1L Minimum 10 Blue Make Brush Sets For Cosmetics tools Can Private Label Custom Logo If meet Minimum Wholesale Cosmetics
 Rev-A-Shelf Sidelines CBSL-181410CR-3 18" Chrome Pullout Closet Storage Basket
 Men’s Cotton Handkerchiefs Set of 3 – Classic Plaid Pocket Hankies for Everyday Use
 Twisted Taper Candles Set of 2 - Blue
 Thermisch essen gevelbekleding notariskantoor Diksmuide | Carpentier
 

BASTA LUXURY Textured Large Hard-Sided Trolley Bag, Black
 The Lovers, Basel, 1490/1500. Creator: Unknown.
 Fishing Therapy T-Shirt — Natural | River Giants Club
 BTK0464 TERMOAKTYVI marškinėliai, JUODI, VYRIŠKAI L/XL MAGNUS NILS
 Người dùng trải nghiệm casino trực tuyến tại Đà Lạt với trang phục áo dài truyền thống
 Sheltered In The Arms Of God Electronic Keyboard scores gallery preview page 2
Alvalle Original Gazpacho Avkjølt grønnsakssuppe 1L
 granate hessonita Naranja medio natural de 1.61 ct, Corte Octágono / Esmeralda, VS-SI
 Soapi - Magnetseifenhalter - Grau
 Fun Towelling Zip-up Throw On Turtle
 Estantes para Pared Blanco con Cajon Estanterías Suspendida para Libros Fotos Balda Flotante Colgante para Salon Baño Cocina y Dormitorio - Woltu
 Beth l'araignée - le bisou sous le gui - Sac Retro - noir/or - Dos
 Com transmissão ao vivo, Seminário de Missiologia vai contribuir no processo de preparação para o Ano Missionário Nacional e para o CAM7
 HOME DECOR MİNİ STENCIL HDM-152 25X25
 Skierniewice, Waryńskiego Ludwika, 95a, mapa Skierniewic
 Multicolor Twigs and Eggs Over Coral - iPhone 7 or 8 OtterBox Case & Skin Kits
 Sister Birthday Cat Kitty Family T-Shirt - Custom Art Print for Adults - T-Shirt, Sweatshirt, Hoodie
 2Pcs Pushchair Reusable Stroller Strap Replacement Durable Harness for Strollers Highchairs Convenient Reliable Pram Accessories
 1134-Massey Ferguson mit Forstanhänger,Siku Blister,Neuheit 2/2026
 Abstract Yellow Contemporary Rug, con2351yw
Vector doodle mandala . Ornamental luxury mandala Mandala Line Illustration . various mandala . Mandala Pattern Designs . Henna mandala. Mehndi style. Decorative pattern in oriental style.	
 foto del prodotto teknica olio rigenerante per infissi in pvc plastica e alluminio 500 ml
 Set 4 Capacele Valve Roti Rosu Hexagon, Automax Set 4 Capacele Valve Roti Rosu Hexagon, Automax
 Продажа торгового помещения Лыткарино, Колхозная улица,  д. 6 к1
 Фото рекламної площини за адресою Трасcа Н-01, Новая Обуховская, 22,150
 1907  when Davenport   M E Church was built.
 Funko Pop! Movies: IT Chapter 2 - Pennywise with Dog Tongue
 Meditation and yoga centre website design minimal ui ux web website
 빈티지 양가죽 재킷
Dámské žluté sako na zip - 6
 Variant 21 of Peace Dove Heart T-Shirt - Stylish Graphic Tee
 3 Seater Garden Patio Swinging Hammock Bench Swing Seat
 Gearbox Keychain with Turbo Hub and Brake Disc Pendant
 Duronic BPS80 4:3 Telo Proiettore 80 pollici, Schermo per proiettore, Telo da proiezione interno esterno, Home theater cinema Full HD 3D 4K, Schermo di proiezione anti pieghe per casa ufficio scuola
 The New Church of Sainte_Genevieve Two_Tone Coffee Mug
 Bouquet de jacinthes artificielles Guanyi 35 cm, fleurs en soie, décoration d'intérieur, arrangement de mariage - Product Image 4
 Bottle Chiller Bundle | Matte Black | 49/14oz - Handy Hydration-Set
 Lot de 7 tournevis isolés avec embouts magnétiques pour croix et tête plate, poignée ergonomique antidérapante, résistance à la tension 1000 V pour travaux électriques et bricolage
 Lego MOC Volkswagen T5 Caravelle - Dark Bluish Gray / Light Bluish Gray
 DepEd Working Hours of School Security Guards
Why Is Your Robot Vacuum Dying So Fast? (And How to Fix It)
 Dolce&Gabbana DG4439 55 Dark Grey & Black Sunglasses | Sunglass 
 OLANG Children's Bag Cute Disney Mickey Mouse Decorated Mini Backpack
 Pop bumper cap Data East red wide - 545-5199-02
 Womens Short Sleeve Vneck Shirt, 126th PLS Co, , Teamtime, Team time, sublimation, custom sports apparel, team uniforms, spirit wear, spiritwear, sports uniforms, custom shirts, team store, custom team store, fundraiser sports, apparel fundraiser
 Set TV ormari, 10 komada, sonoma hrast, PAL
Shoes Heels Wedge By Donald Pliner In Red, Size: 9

- - -

PROBLEM TO WORK ON:
Report each line of the material in which the string "Blue" occurs.

FINISHED EXERCISE:
1L Minimum 10 Blue Make Brush Sets For Cosmetics tools Can Private Label Custom Logo If meet Minimum Wholesale Cosmetics
 Twisted Taper Candles Set of 2 - Blue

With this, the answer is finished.